Theorem 1: Let $f$ be Lebesgue integrable on $I$. Then $\mid f \mid$ is Lebesgue integrable on $I$ and $\displaystyle{\biggr \lvert \int_I f(x) \: dx \biggr \rvert \leq \int_I \mid f(x) \mid \: dx}$. |

**Proof:**Let $f$ be Lebesgue integrable on $I$. Then from the theorem on the Lebesgue Integrability of the Positive and Negative Parts of a Function page we know that the positive and negative parts of $f$ are Lebesgue integrable on $I$, i.e., $f^+$ and $f^-$ are Lebesgue integrable on $I$. But $\mid f \mid = f^+ + f^-$, and so by the Linearity of Lebesgue Integrals we have that $\mid f \mid$ is Lebesgue integrable on $I$.

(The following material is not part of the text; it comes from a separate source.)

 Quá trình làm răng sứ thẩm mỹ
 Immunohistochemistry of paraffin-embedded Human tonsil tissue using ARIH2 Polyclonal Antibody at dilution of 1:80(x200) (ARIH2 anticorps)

- Furthermore, for all $x \in I$ we know that:

\begin{align} \quad - \mid f(x) \mid \leq f(x) \leq \mid f(x) \mid \end{align}

- Since $- \mid f \mid$, $f$, and $\mid f \mid$ are all Lebesgue integrable on $I$, we have that by one of the theorems on the Comparison Theorems for Lebesgue Integrals page that:

\begin{align} \quad \int_I - \mid f(x) \mid \: dx \leq \int_I f(x) \: dx \leq \int_I \mid f(x) \mid \: dx \\ \quad - \int_I \mid f(x) \mid \: dx \leq \int_I f(x) \: dx \leq \int_I \mid f(x) \mid \: dx \end{align}

- Therefore $\displaystyle{\biggr \lvert \int_I f(x) \: dx \biggr \rvert \leq \int_I \mid f(x) \mid \: dx}$. $\blacksquare$